Before predicting the scores, the five-way whole genome multiple alignments (mafs) were first filtered using mafFilter83 to discard blocks which have sequences less than five and to remove gap only columns from the blocks. The filtered mafs were then sorted using ‘maf-sort.sh’ script from LAST (https://github.com/UCSantaCruzComputationalGenomicsLab/last.git)84.

Broad annotations for CDS, exons, introns and UTRs of ON were downloaded in BED format from Cambridge cichlid browser (http://em-x1.gurdon.cam.ac.uk/cgi-bin/hgTables?hgsid=21982&clade=vertebrate&org=O.+niloticus&db=on11&hgta_group=genes&hgta_track=rmsk&hgta_table=0&hgta_regionType=genome&position=LG2%3A1959784-2269783&hgta_outputType=bed&hgta_outFileName =).
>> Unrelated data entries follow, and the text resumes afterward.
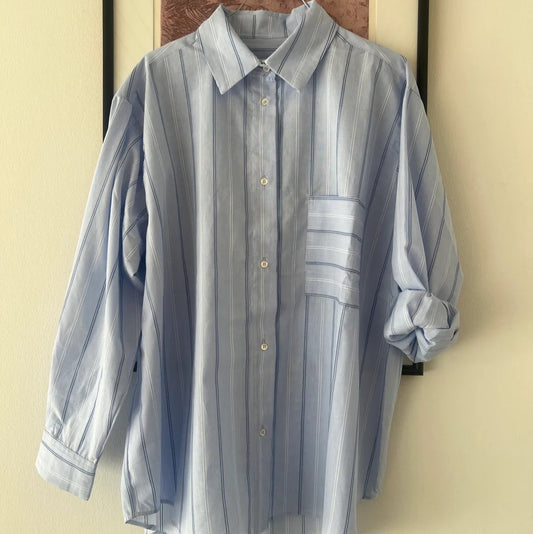 Alva Shirt - Light Blue Stripe - Fabulous Agenda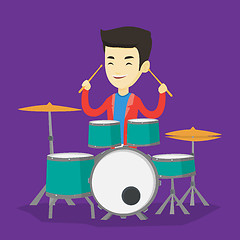 Image showing Man playing on drum kit vector illustration.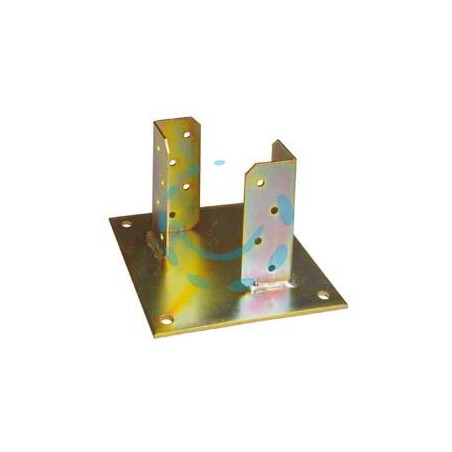 SUPPORTO A PAVIMENTO CON PIASTRA PER TRAVE - base mm.180x180 p/trave da mm.100x100x130h.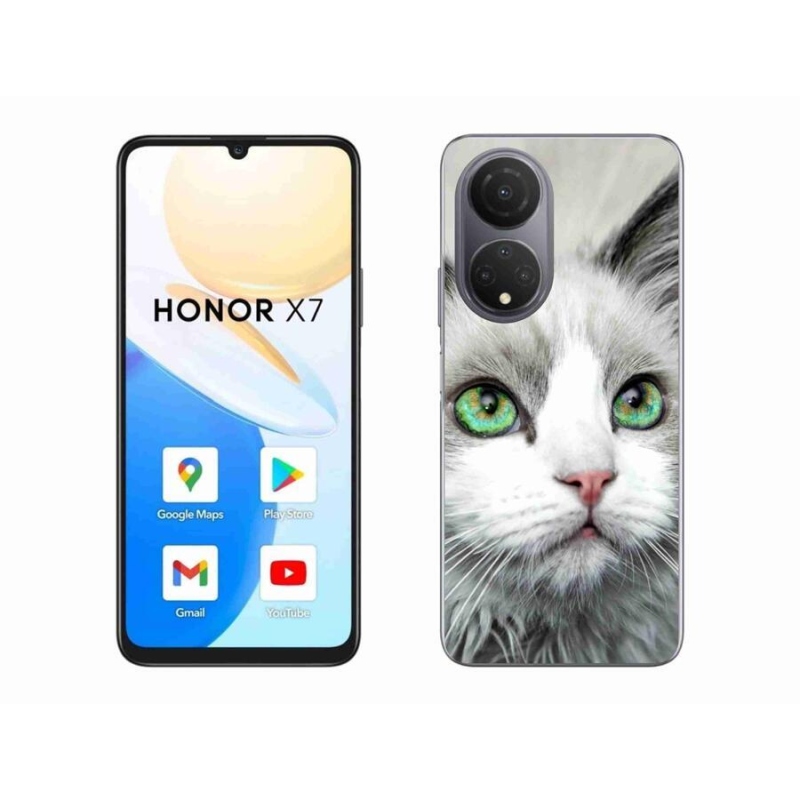 Gelový kryt mmCase na mobil Honor X7 - kočičí pohled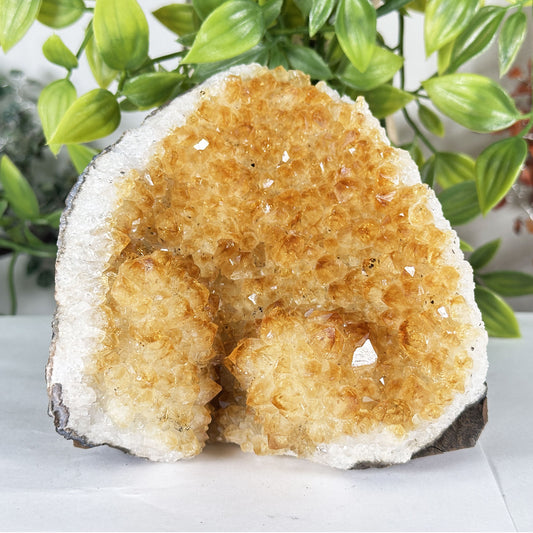 Natural Citrine Crystal Geode - Gem Avenue Retail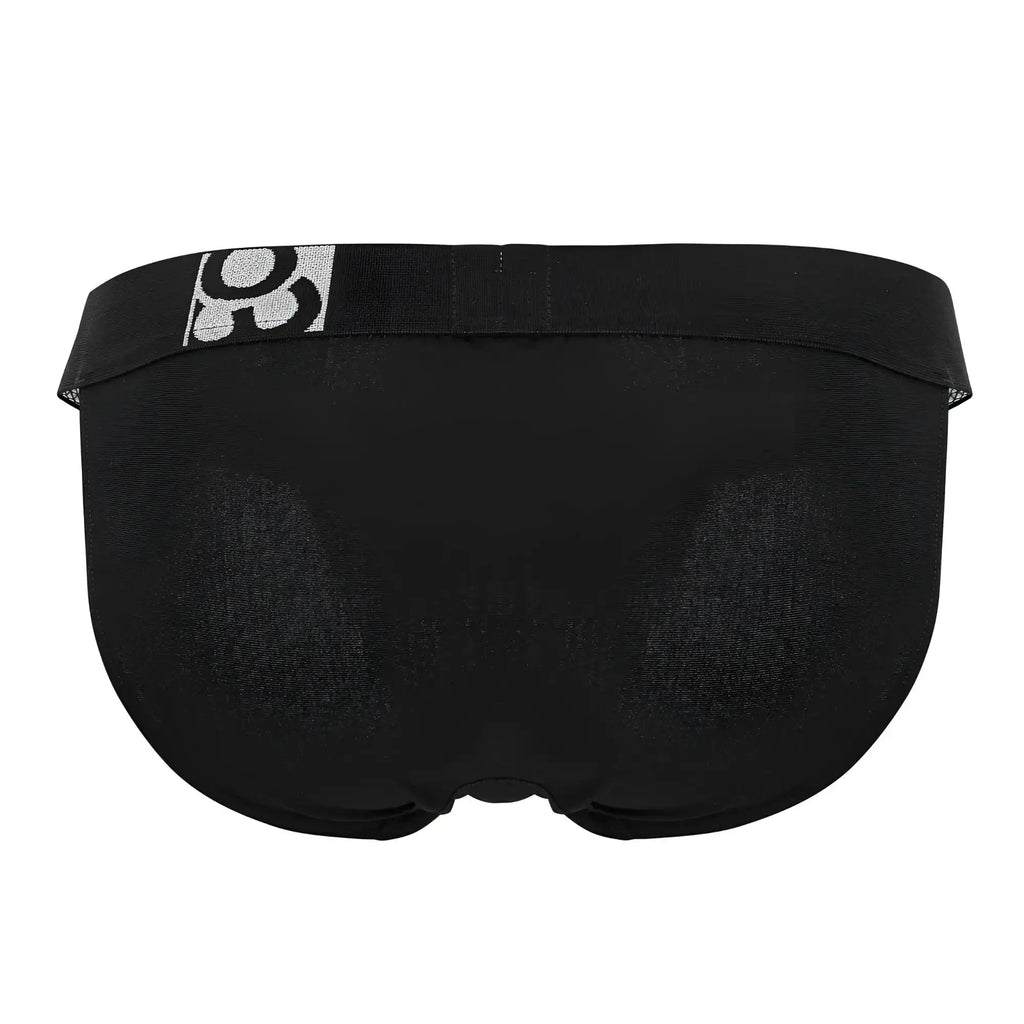 Black ergo wear ew1483 max cotton bikini briefs with silver logo waistband in black color front view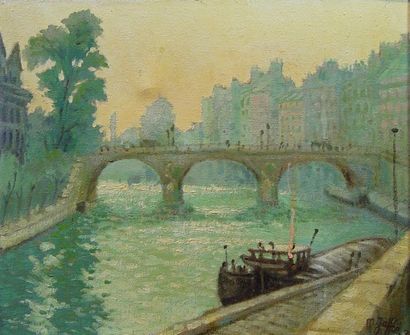 null 31- JAFFRE

''Pont et péniche sur la Seine''

Huile sur toile signée en bas...
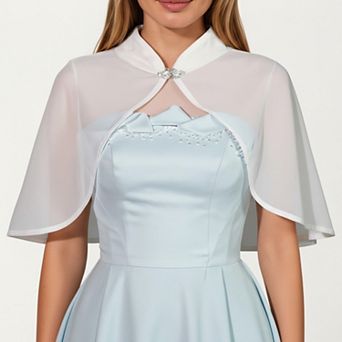 Women's Sheer Chiffon Capelet with Satin Trim Structured Collar and Sparkling Clasp Front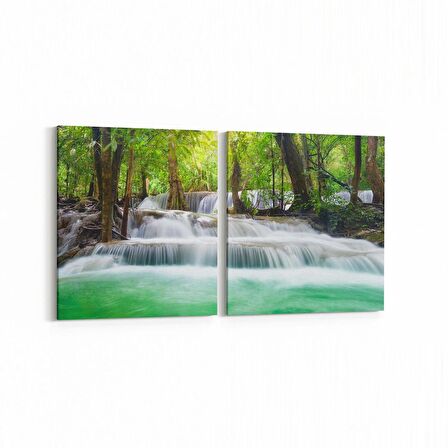 Olla 14482K2Y Doğa / Manzara Görseli Kare 2'li Yatay Kanvas Tablo (Ölçü: 145X70)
Intergenic regions were assumed to be the regions that are not annotated in the whole genome and were identified by using bedtools complement (-i WholeGene.bed -g file_having_chromosome_sizes)85. Ancestral repeats (ARs) were defined to be repeat masked sequences from ON that are also conserved in teleosts. The AR regions were downloaded from cichlid genome browser by taking an intersection (having at least 80% overlap) between repeat masked regions from ON and 8-way cichlids multiple alignments (On_Mz_Pn_Ab_Nb_oryLat2_gasAcu1_danRer7_maf). The annotation for all these features were downloaded for the O. niloticus assembly: Broad oreNil1.1/oreNil2.
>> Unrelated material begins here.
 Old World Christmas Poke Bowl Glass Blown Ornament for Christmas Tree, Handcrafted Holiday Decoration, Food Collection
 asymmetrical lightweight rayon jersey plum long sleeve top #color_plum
Divergence time calculation

Divergence time between O. niloticus and P. nyererei based on the nORF regions was carried out by using the Bayesian Evolutionary Analysis Sampling Trees model (BEAST)35, which was run on BEAST v1.10.455. The settings used in the programme were based on those used by Meyer et al.86 and are as follows. Sequence evolution was taken to follow the HKY model87 and the species-tree prior was set to the Yule speciation process88 (Yule 1925). Empirical base frequencies were used and no site heterogeneity was assumed. A strict molecular clock was set, to allow for the most reliable comparison between trees based of nORFs sequences. The sequences were extracted from the Cambridge Cichlid Genome browser by specifying the nORF and AR sequence coordinates in O. niloticus (Broad OreNil1.1/OreNil2 assembly), and extracting the orthologous sequence of the other Cichlid species using the 8-way comparative genomic track option. The DNMT1 gene sequence was extracted manually from NCBI for all the species. The molecular clock was time calibrated with a fossil time constraint. The constraint was set as a lognormal prior distribution with a mean in real space of 45.5 million years ago (MYA) and a standard deviation of 0.5 MYA. This time calibration was based on cichlid fossils estimated to be 45 million years old56. The substitution rate was fixed to allow better comparison between trees. The neutral model was set at 1 and any deviation from this was taken into account while building the trees. A chain length of 10 million Markov Chain Monte Carlo (MCMC) was used to construct each tree.